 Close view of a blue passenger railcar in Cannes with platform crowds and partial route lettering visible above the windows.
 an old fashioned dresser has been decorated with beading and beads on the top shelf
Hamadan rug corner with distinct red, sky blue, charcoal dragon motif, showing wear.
═══
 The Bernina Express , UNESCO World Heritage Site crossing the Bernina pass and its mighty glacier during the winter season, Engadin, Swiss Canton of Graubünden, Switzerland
═══
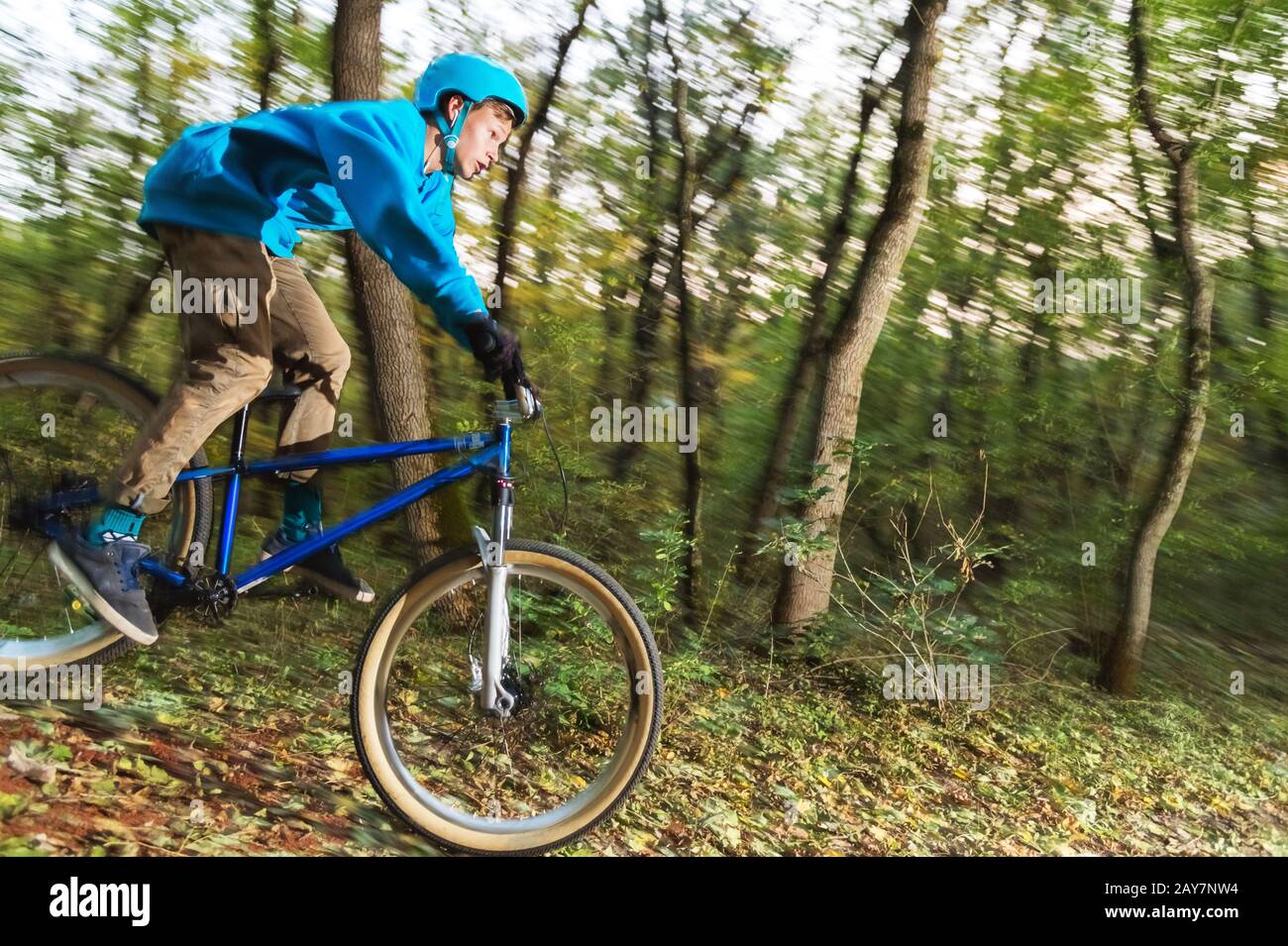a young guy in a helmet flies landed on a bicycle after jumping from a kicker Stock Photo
═══
Work request:
Using the listing above, gather each line that holds the string "blue" and copy it.

Output of the task:
 Close view of a blue passenger railcar in Cannes with platform crowds and partial route lettering visible above the windows.
Hamadan rug corner with distinct red, sky blue, charcoal dragon motif, showing wear.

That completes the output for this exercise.